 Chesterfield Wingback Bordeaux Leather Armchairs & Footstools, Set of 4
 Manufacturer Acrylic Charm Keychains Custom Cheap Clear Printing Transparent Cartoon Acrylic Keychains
* * *
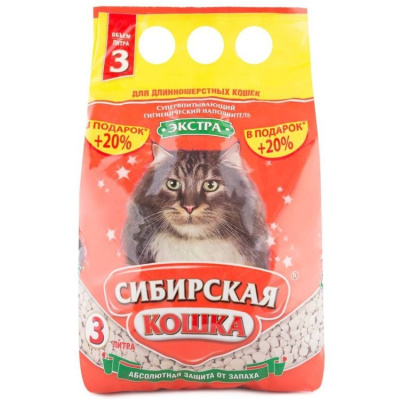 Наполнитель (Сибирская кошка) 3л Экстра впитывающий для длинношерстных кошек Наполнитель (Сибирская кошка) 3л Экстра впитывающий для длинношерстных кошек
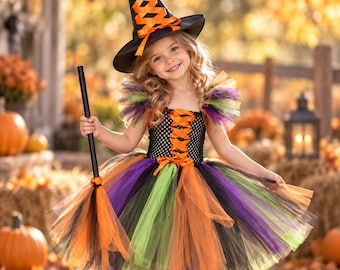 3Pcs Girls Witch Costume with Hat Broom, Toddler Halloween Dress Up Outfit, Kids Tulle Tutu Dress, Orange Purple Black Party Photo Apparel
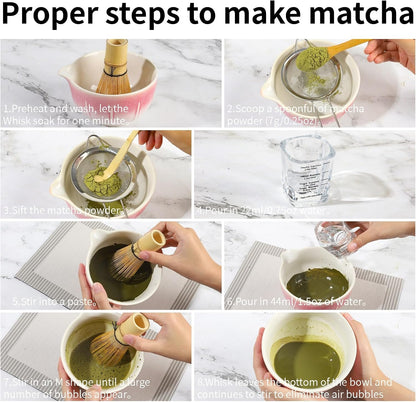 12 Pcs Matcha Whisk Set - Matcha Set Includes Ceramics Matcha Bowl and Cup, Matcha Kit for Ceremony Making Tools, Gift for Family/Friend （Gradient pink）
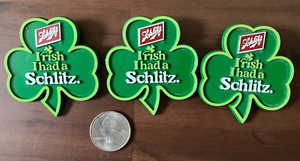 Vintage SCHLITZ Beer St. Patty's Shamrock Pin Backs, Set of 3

▶ Exercise
Copy word for word only the lines above from the one with "3Pcs Girls Witch" through the one with "Vintage SCHLITZ Beer". Leave pictures out.

▶ Finished task
 3Pcs Girls Witch Costume with Hat Broom, Toddler Halloween Dress Up Outfit, Kids Tulle Tutu Dress, Orange Purple Black Party Photo Apparel
 12 Pcs Matcha Whisk Set - Matcha Set Includes Ceramics Matcha Bowl and Cup, Matcha Kit for Ceremony Making Tools, Gift for Family/Friend （Gradient pink）
 Vintage SCHLITZ Beer St. Patty's Shamrock Pin Backs, Set of 3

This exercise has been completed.